Our audience readily identified several. Women are easily drawn into self-limiting beliefs about what is possible when they contemplate the scarcity of women at more senior levels and the apparent difficulty of the roles – it seems from our audience that ‘I could never do that’ is not an untypical self-assessment. Women also tend to self-limit in planning their lives generally – ‘there’s no point in pushing for that promotion when I know I want to start a family in the next 12 months’. Women also feel constrained by ‘presenteeism’, all too often an undiscussable feature of corporate culture – ‘you need to be in the office and seen to be engaging in the real action’. Leadership roles, particularly at senior levels, are also often associated with long hours at work which are just unattractive if not impossible for a lot of women. There are undoubtedly key moments when women get lost in their career progression or simply give up, e.g. returning from maternity leave – ‘it’s just too damned hard’ -especially for those not yet earning sufficiently to afford a nanny.
So, what can be done to encourage and enable women to progress to leadership roles at all levels in organisations?

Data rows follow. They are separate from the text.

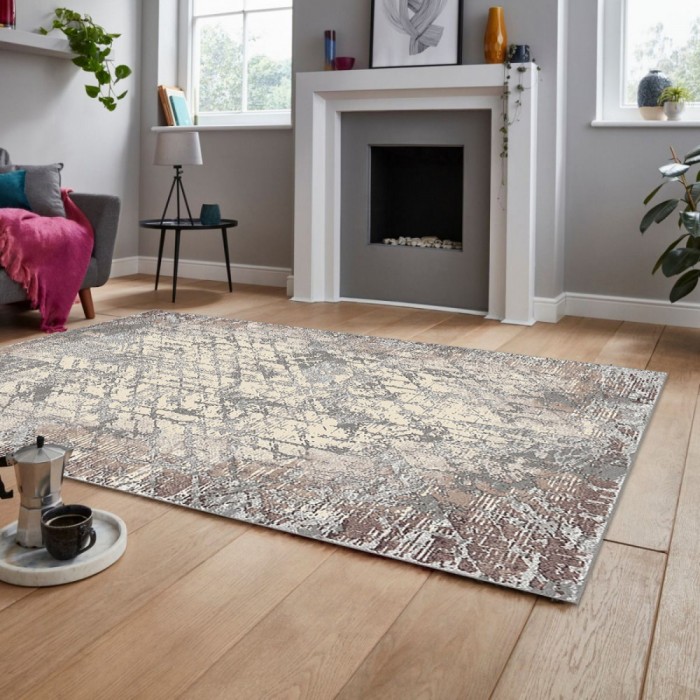 Covor Model Sonata 22041-162, Marime 80 x 150 cm, Bej, Gri, Inaltime Fir 10 mm, Antialergic, Polipropilena, Living, Dormitor, Sufragerie, Birou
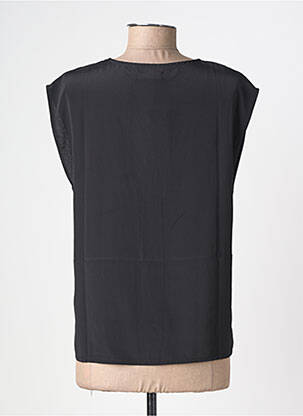 Top țesătură crep mâneci scurte negru LOSAN femeie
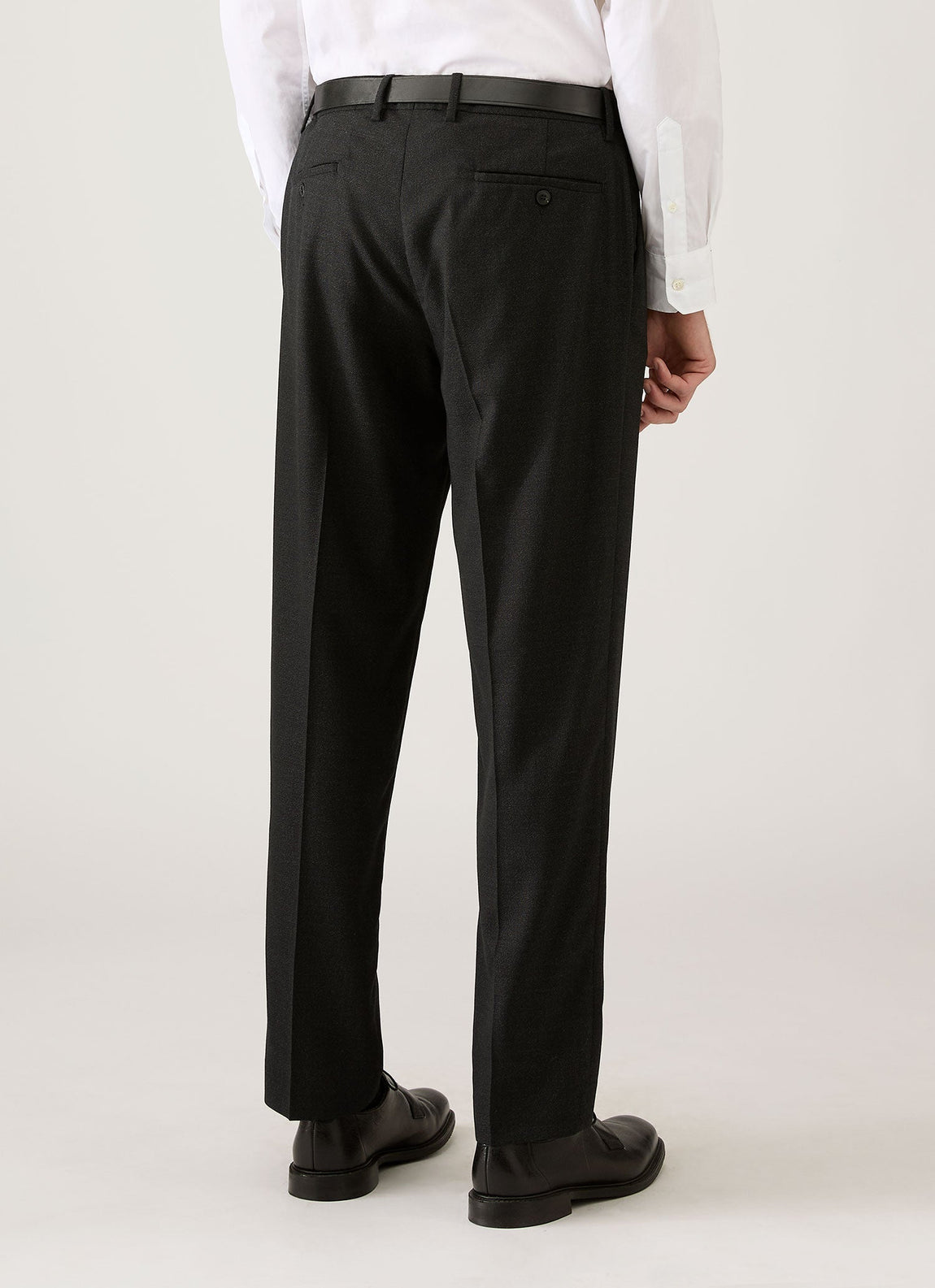 Men's Lightweight Travel Wool Trouser in Dark Charcoal Melange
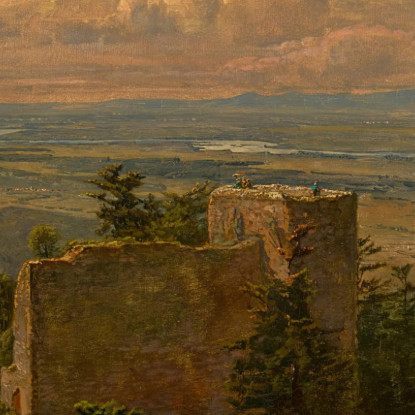 Le Rovine Del Castello Di Hohenbaden Con Vista Sulla Valle Del Reno Hans Thoma hth81 quadro stampato su tela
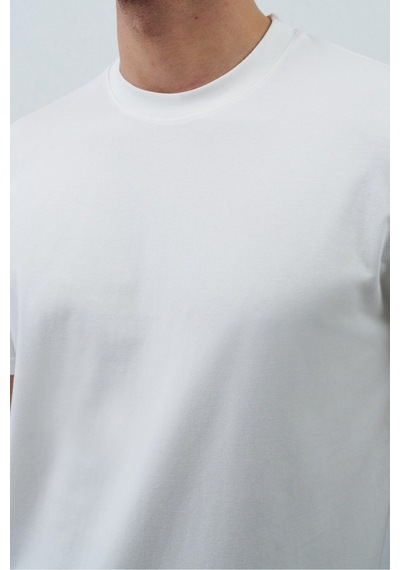 Baselco Unisex Basic %100 Pamuk T-shirt - Sade Ve Şık Beyaz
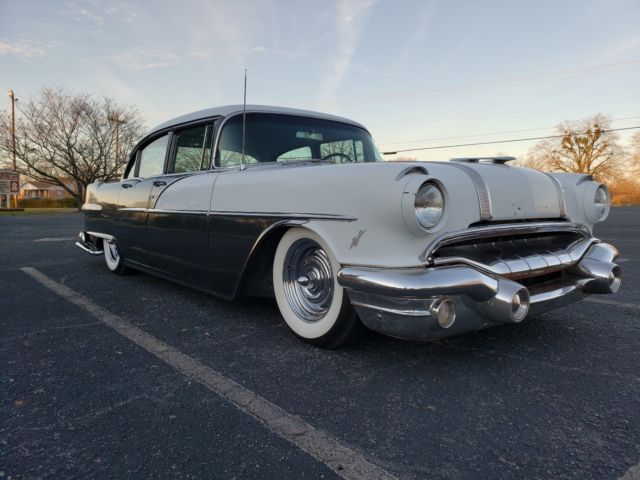 1956 pontiac chieftain custom. newly lowered, new wheels & wide white wall tires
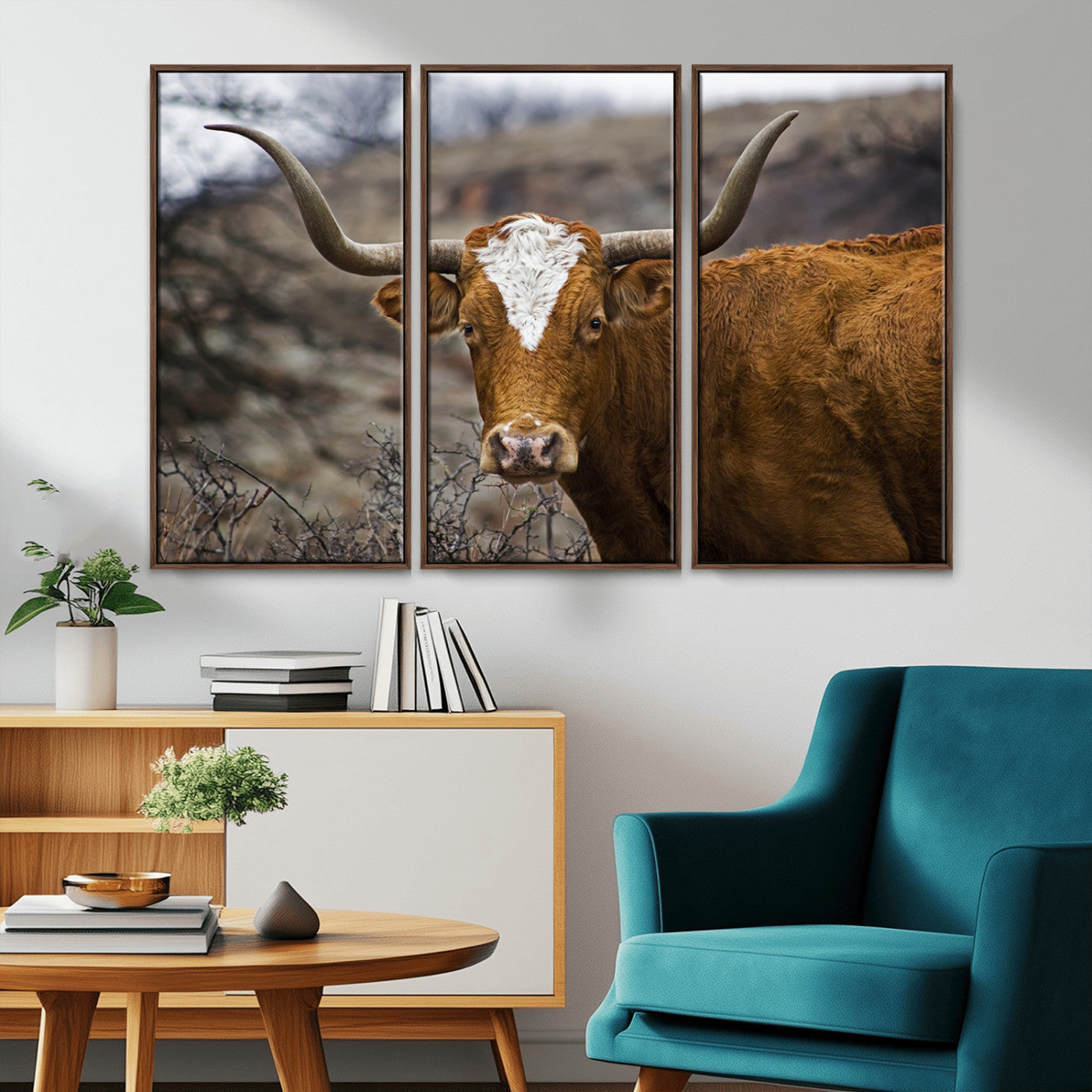 MGV-FC-48X32-3P - Framed Big Cow Animal Wall Art Canvas Print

Environment and organisational culture appear to be key enablers. Men and women both want a different way of working, one that is conducive to their outside work responsibilities and gives them more control over their careers through flexible working practices. Furthermore, women need to be encouraged to ask for what will make it possible for them to progress and take on more senior roles.
Secondly and importantly, men need education in what it means and feels like to be ‘the other’, i.e. in the minority, to understand the adjustments required to be truly inclusive. This issue goes well beyond gender equality of course to embrace ethnic, religious and sexual orientation differences as well.
Thirdly, organisations need to get real about their expectations of leaders. The unspoken expectation, for example, that a candidate for a senior leadership role has successfully completed roles with significant P&L responsibility in more than one location outside the UK is unhelpful for women for whom this can be very difficult to fulfil. Perhaps women need to take better advice and guidance on the organisations they join, the location of the client base, the centres of gravity of the business, etc.
Fourthly, there are other ways of being present – technology is an important enabler and if well used, can help bridge the gap where rapport building and relationships are critical to success. Agile working in this context becomes another key enabler – organisations need to make much faster progress on making this a reality.
And finally, our audience suggested that women only programmes have a place in encouraging more women to develop the self-confidence and belief to progress to senior leadership roles. Apart from those who felt they might actually be rather lonely on a women only programme, those who had experienced this, mostly in their early to mid- 30s, spoke powerfully of its impact on their career development and their lives generally. At the right time, perhaps at the first or second points on the leadership pipeline, women only programmes offer important opportunities to explore leadership identity, communication style and personal presence, decision making processes, risk taking and most importantly to develop appropriate self-confidence in one’s value and ability to participate in the social and professional milieu at the top of the organisation. Self-limiting beliefs can be challenged, their confidence and self-efficacy developed and their portfolio of skills enhanced to include the gravitas and professional edge required in more senior roles.